TMMOB İnşaat Mühendisleri Odası Sakarya Şube Başkanı Hüsnü Gürpınar, Türkiye\'yi depreme karşı hazırlamanın iki temel yolu bulunduğunu belirterek, bunun yolunun yapı stokunun iyileştirilmesi, güçlendirilmesi ve yapı üretim sürecinin denetlenmesinden geçtiğini bildirdi.
Gürpınar, Marmara Depremi\'nin 15. yılı dolayısıyla yaptığı yazılı açıklamada, ülke ekonomisini tahrip eden, insanlara büyük acı yaşatan, on binlerce insanın yaralanması, sakat kalması ve ölmesine neden olan 17 Ağustos 1999\'un hafızalarda büyük anı ve çaresizlik duygusuyla anıldığını vurguladı.
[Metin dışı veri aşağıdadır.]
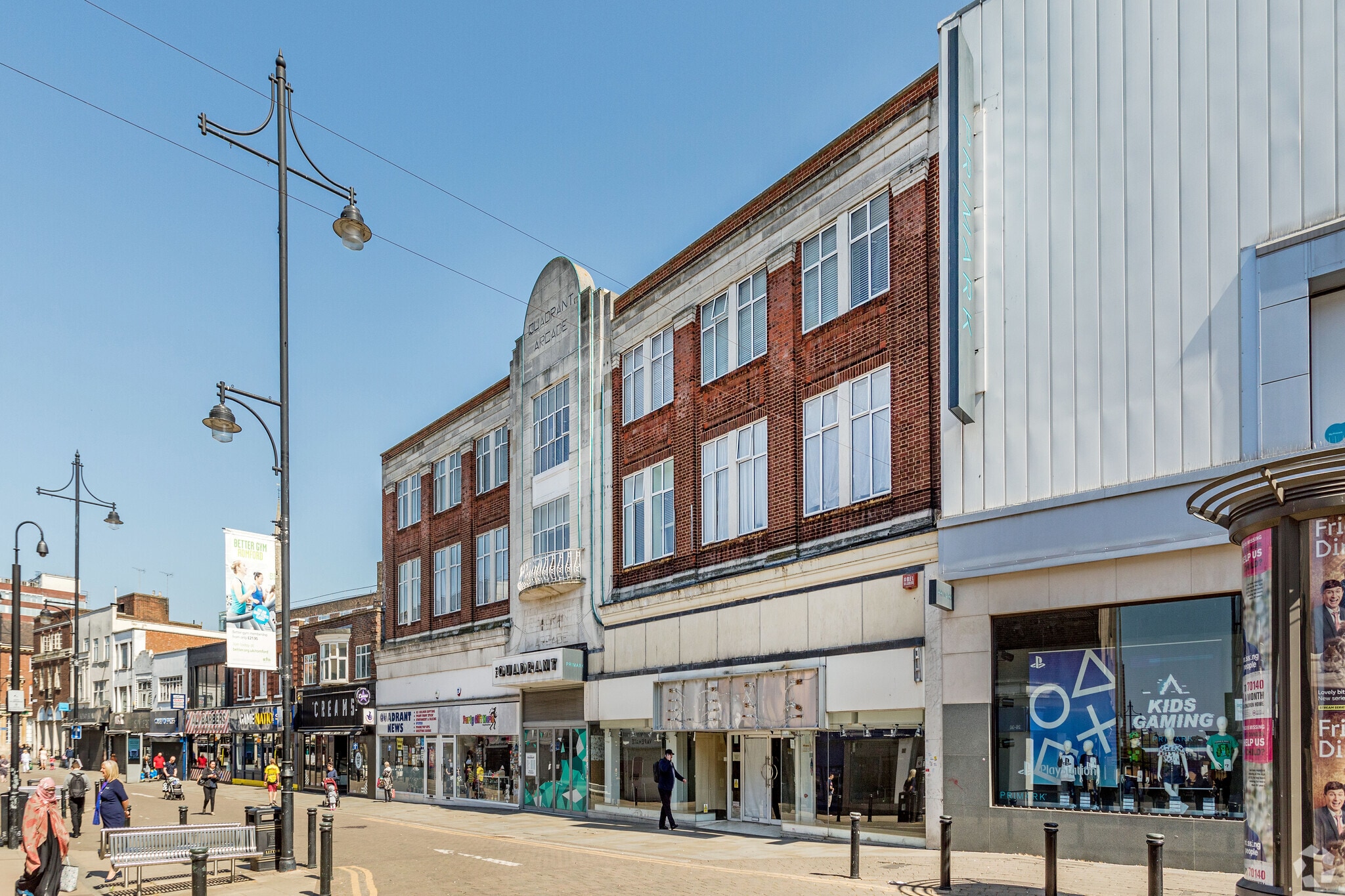 1-32 Quadrant Arcade, Romford for lease Primary Photo- Image 1 of 5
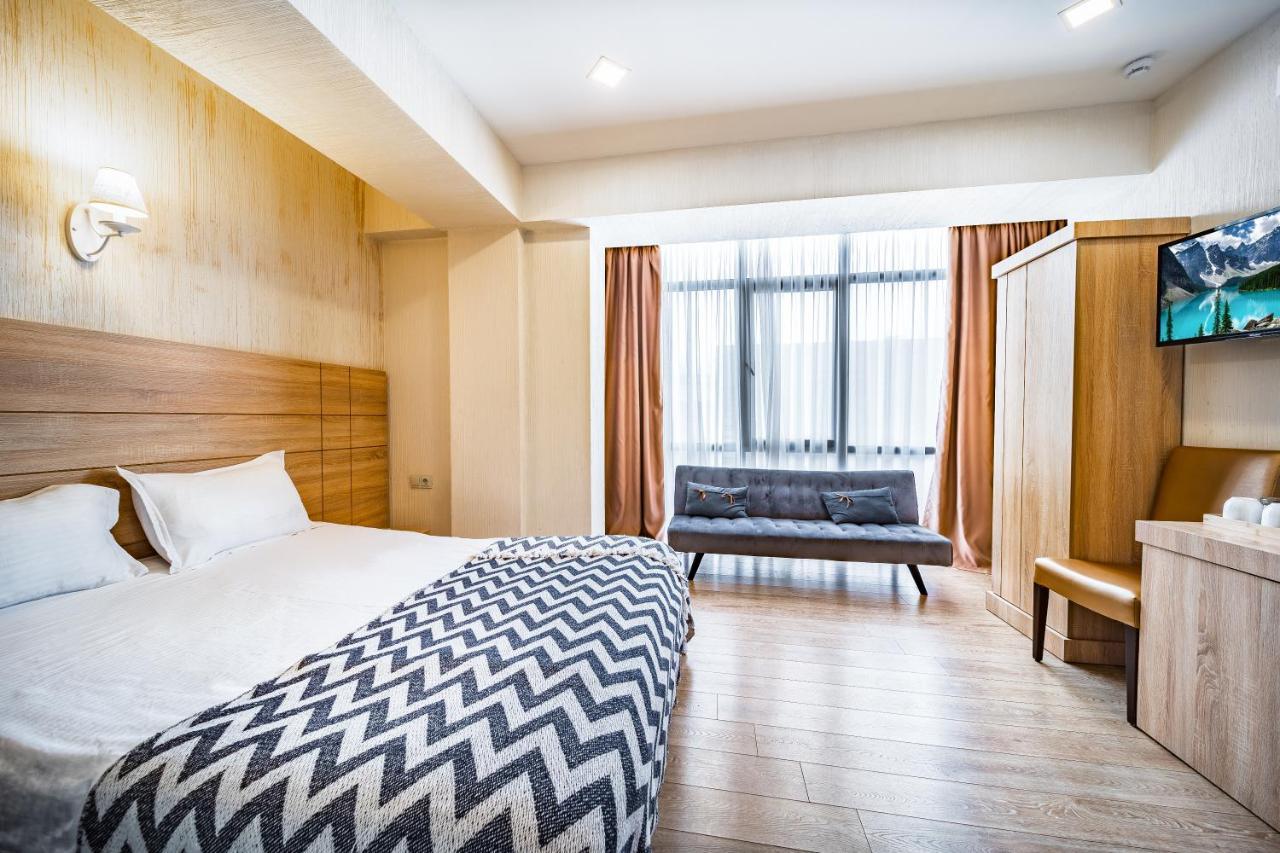 Hotel Bm Plaza 4*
Deprem konusundaki temel sorunun yapı üretim süreci ve mesleki uygulamaların niteliksizliği ile denetimsizliği olduğuna dikkati çeken Gürpınar, temel noksanlıkların giderilmesi noktasında bugüne kadar yeterli çalışmanın yapılmadığını savundu.
Bilimsel çalışma sonrası ortaya çıkan çözüm önerilerinin uygulanmasını beklediklerini kaydeden Gürpınar, açıklamasında şu görüşlere yer verdi:
"Ülkemizi, kentlerimizi, yapılarımızı depreme karşı hazırlamanın iki temel yolu bulunmaktadır. Birincisi, mevcut yapı stokumuzun iyileştirilmesi, güçlendirilmesi, ikincisi ise yapı üretim sürecinin denetlenmesidir. İlki mevcut olumsuzluğu azaltmayı amaçlamakta, ikincisi ise geleceği kazanmakla ilgilidir."
Gürpınar, Türkiye\'de sağlıklı yapı envanteri bulunmadığını, yapı stokunun yüzde 60\'ının 20 yaş ve üzeri yapılardan oluştuğuna işaret ederek, büyük bölümünün ruhsatsız olduğu ve mühendislik hizmeti almadan üretildiğini ileri sürdü.
"Kentsel dönüşüm" olarak bilinen Afet Riski Altındaki Alanların Dönüştürülmesi Hakkındaki Kanun\'un, şehirlerin yapı kalitesinin artırılmasına sebep olacak fırsata dönüştürülmesini arzu ettiklerini aktaran Gürpınar, şunları ifade etti:
"Başarılı kentsel dönüşümler toplumla uzlaşmayla gerçekleşir. Bu nedenle yapılacak uygulamalarda bir tarafın mağduriyet, diğer tarafın haksız kazanç oluşumuna sebebiyet verilmemesini, yapılacak uygulamalarla ortaya çıkacak değer artışının kamuya ve bölge insanına aktarılmasının sağlanması gerekir.
Kentsel dönüşüm uygulamalarında birinci önceliği, deprem riski altındaki binaların güvenli hale getirilmesi konusunun dikkate alınmasıyla ilgili gerekli düzenlemelerin yapılması gerektiğini ifade ediyoruz."